In some cases we can only identify microbes at very broad taxonomic levels – like phylum or family. In other cases, we can identify microbes all the way down to the level of the genus or even, in some cases, the species. Our ability to do so has to do with how closely sequences in our sample match the known sequences in the database, and how much those sequences vary from one another. In the approach I have described here, we almost never know which particular strain of a microbe we are dealing with. For example, while many species of the genus Staphylococcus are beneficial partners of humans, living on and protecting our skin from pathogens, other species of Staphylococcus are pathogens. The difference between partner and pathogen, friend and foe, can be as subtle as a few nucleotides. As a result, seeing a complete picture of who lives on or around us often requires additional steps on top of what I have described here; typically it requires a more complete reading of the DNA for the specific kinds of microbes we are particularly interested in studying.

In the end, our computer analyses result in huge tables where the hundreds of species we find are listed in the rows, the sample numbers are listed in the columns, and the relative abundance of each species in each sample is listed in the cells of the table. These tables are very familiar to biologists who study animals or plants, but the process we use to make these tables, the process I have just described, is very different.
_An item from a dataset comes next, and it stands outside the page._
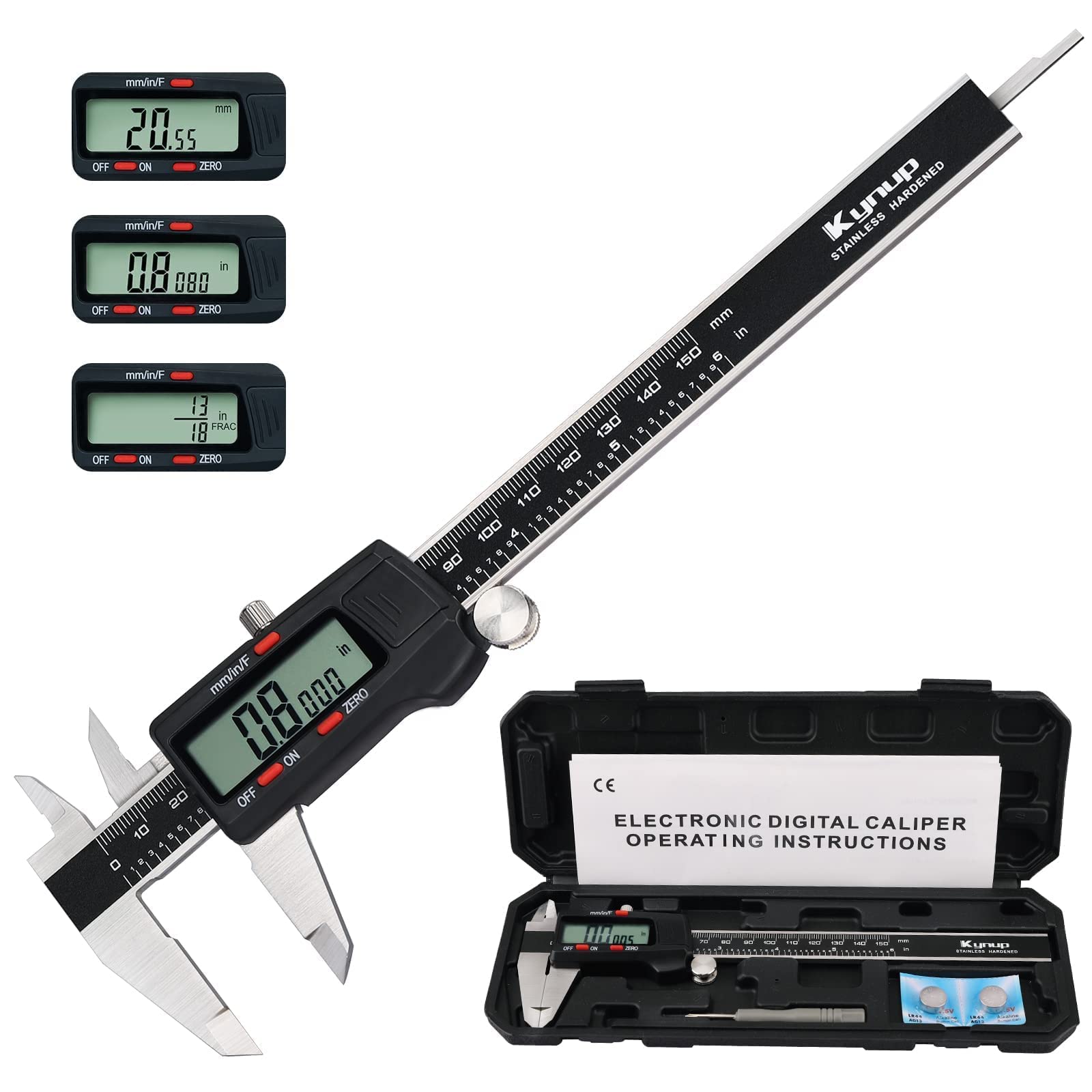 Kynup Digital Caliper - IP54 Waterproof Stainless Steel Electronic Caliper Measuring Tool with Large LCD Screen | Inch/Metric/Fraction Conversion | Perfect for DIY, Woodworking, Metalworking & Engineering Projects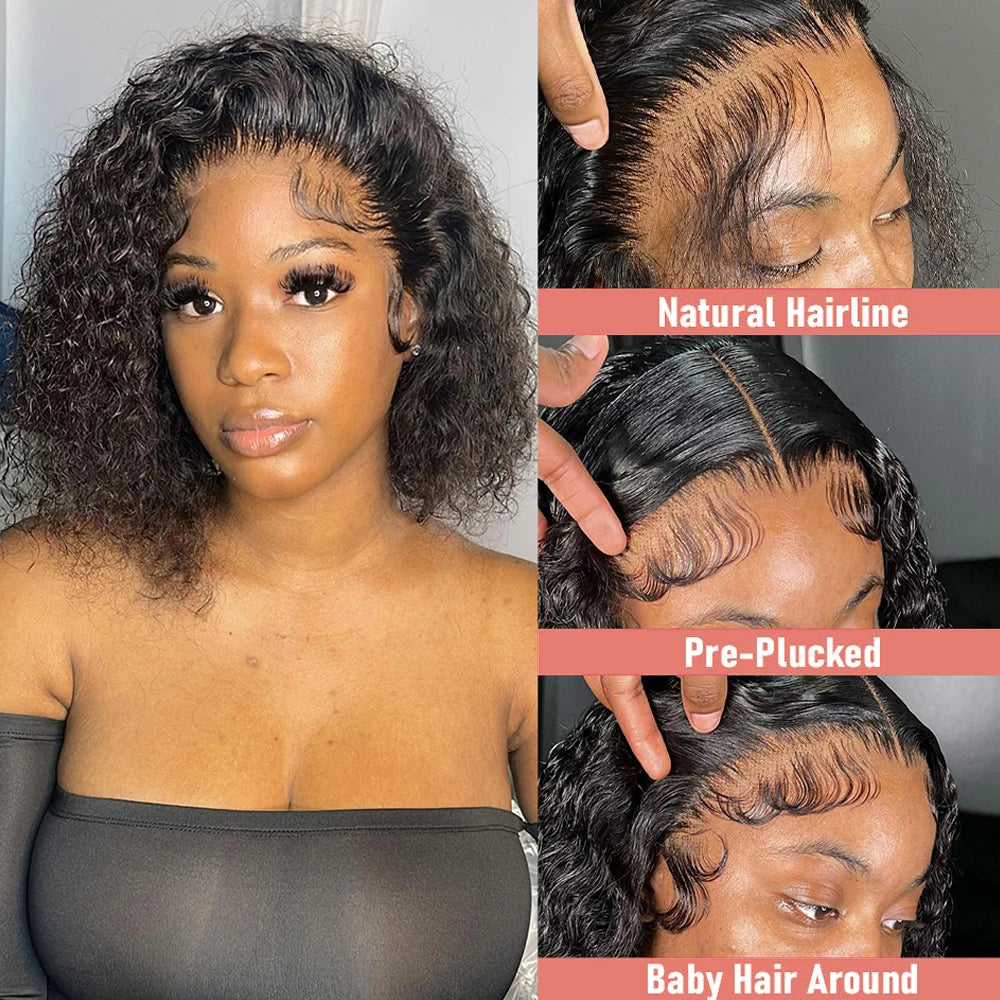 Deep Wave Curly Bob Wig – 250% Density Glueless Human Hair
These tables are fun to look through, but we must do a little more to really understand the data. Here’s where the information you contributed in Participant Questionnaires comes in, information like whether you have dogs at home or use antibacterial soap. We combine this information with the table of species to figure out what factors affect the microbes that live with us or on us. In one approach, we use a mathematical test called Principal Components Analysis to look for clear groups of microbial communities among the samples and to test whether any of the factors about where and how you live might explain why you have one microbial community or another. For example, using this test we have found that homes with dogs had different microbes living on their TV screens and pillowcases than homes without dogs. Our analyses didn’t answer why your dog has such an effect, or why so many other things do and don’t have effects. It just means we have to get busy doing more science!